Upgrading a good old sailboat can be a game of cat and mouse. As you wriggle into seldom visited corners of your boat, it’s hard to keep up with all the little unforeseen projects that present themselves to you. This third edition of Daniel Spurr’s Guide will be a real help to do-it-yourself sailors. And following the cat and mouse that Bruce Bingham has sketched into his wonderful drawings will be great entertainment for you and your family.
There are a lot of books available to sailors wanting to improve their boats, but Spurr’s Guide is one of the most readable and practical. Clarity is at the top of the list for me, and Spurr surely provides this. His concise commentary on strengthening and maintaining chainplates, for example, is among the most comprehensible I’ve ever read. Case studies of his work on boats are well-illustrated and easy to follow — even if you hire the work out, at least you’ll get a good sense of what you’re in for before the process begins.
Ideally, boatbuilding is one of those arts that improves over time as builders learn from their mistakes. Of course, we know that builders and consumers inevitably reach compromises, and Spurr offers good suggestions to correct weaknesses in boats compromised by the marketplace. Strengthening weakly supported dinette tables is just one case in point. They should be able to withstand the rigors of offshore life and, as my wife says, withstand a little table dancing at anchor.

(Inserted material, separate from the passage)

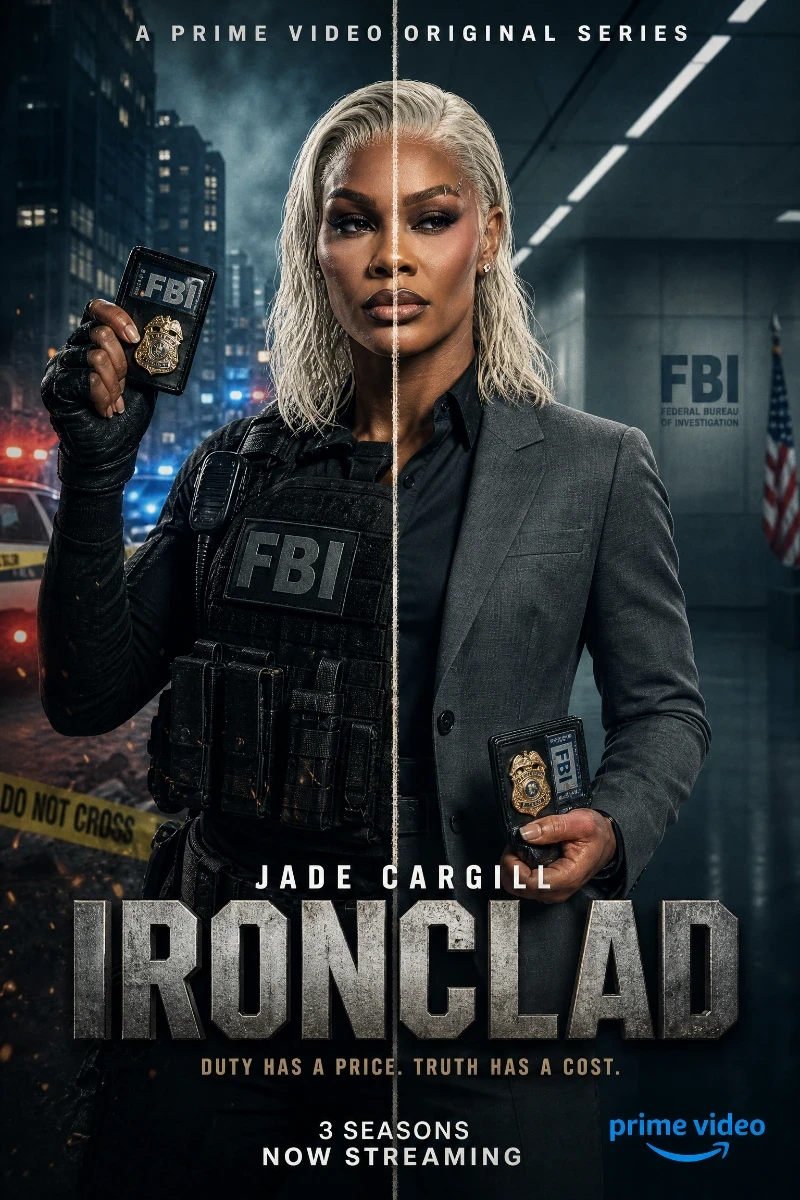 Ironclad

Several chapters have been updated and reorganized for this new edition of Spurr’s Guide, which makes it a better book overall. For example, Spurr nicely filled out the chapter on instruments and the electrical system by adding sections on email, weather and time, EPIRBs, and radar. But the addition of forty-three pages of drawings and brief comments on seventy “good old boats” that one might choose for off-shore cruising seems rather an add-on.

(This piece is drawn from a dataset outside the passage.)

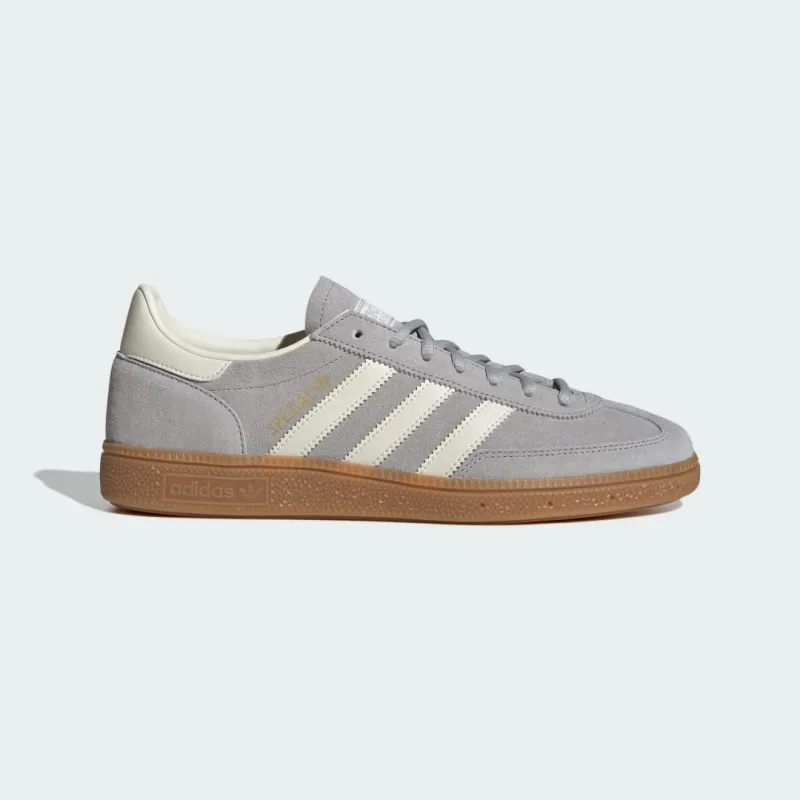 adidas Handball Spezial Shoes Grey Two M 12.5 / W 13.5 Mens sold by Adidas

Nevertheless, Spurr brings years of experience reviewing boat systems and products as editor of Practical Sailor and senior editor of Cruising World. This significantly enriches his work and is the Guide’s great strength. He has compared and tested a lot of boat products in his time, and he generally discusses products without prejudice to producers. To be sure, his product recommendations occasionally seem a bit uneven, such as his highlighting the Max-Prop feathering propeller, while making no mention at all to the arguably superior feathering props from VariProp or Martec. But these sorts of slips are few.
If you’re planning to upgrade and outfit a sailboat for off-shore cruising, whether you do the work yourself or not, you should get Spurr’s Guide, read it, and keep it handy. Get it, if only for the “Disaster Checklist” (p. 86), which is sound advice for any boat owner who drifts along a coastal waterway.